Heaven’s Welfare Bum?

Waiting For Your Ministry

The Quest For Fulfillment

By

By Grantley Morris

* * *

© Copyright, Grantley Morris, 1985-1996. For much more by the same author, see www.net-burst.net
No part of these writings may be sold, and no part may be copied in whole without citing this entire paragraph.


Chapter 11: Conquest










Net-Burst.Net









Waiting For Your Ministry









The Quest For Fulfillment









It’s becoming obvious that though roadblocks to fulfillment may originate outside us, our reaction to them is often crucial. Sometimes there may be nothing we can do. Usually, however, the ball sails over the net and suddenly all eyes are on us.

Let’s expose further assaults from the nether world and draw up strategies for counter-attack.

Fear of pride

The Enemy almost robbed the world of Charles Wesley’s magnificent hymns. Peek over his shoulder as he writes his diary entry for May 23, 1738, immediately after his conversion.

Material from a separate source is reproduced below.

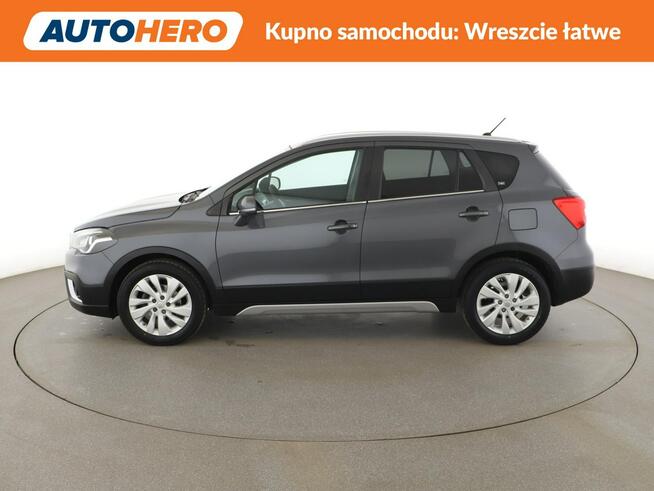 Suzuki SX4 S-Cross 140KM grzane fotele tempomat kamera klima-auto.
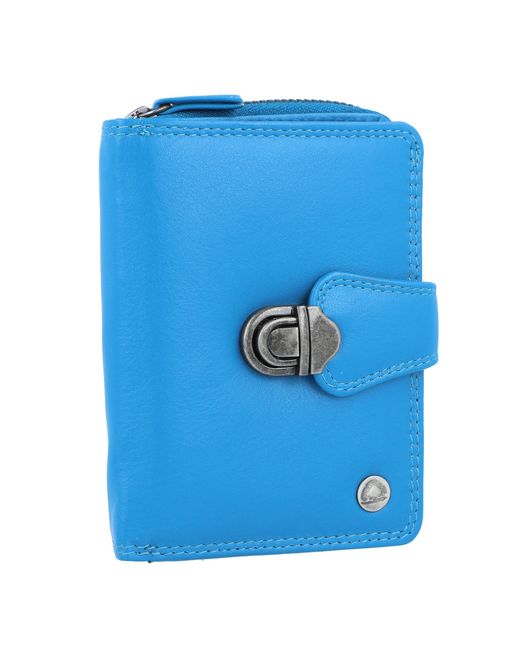 Greenburry Blue Geldbörse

‘I began a hymn . . .  , but was persuaded to break it off for fear of pride. Mr. Bray coming in, encouraged me to proceed in spite of Satan. I prayed to Christ to stand by me and I finished the hymn. Upon showing it to Mr. Bray the devil threw in a fiery dart, suggesting that it was wrong and that I had displeased God. My heart sank within me until I discovered that it was the device of the enemy to keep back glory from God . . . ’

The Dark Chameleon shines with a dazzling veneer of piety. How can we unmask him?

Note the value of Mr. Bray’s counsel. While the Swindler is focusing his powers of delusion upon a key individual, there will always be other Christians temporarily left in peace. (You can’t stall all the people all the time.) Seek mature Christian advice before assuming your labors don’t have heaven’s blessing.

Pride-avoidance can produce some weird creatures. I’ve convinced myself I’m a spineless yellow-bellied chicken-mouse. That should keep me humble. But something happened recently to change all that.

A woman was praying for the home-fellowship I attend when she saw ‘mighty man of velour’ written above me. I don’t care whether you think that was of God; when she shared her experience with me it put steel in my wishbone. That boost has given me an inkling of why God speared those very words into Gideon’s head. (Judges 6:12) I’d have worried about Gideon staggering around with a size 20 head. A healthy self-image must be more important to God than I thought. Those ego-inflating words coincided with Gideon’s divine call. I believe faith in those words played a critical role in his future ministry.

We consider it saintly to engage in ego-bashing, especially when it’s our own ego, but is the result saintly? What if we started acting like the witless witness we tell ourselves we are? What if our Lord was serious when he said that as a person thinks in his heart so he is? (Proverbs 23:7) I’ve dismissed gibbering about a positive self-image as so much worldliness, viewed self-praise as sin, and largely disbelieved even God’s affirmations about me. The result has been an ailing ego so craving attention that I’ve become dangerously vulnerable to the opinion of others.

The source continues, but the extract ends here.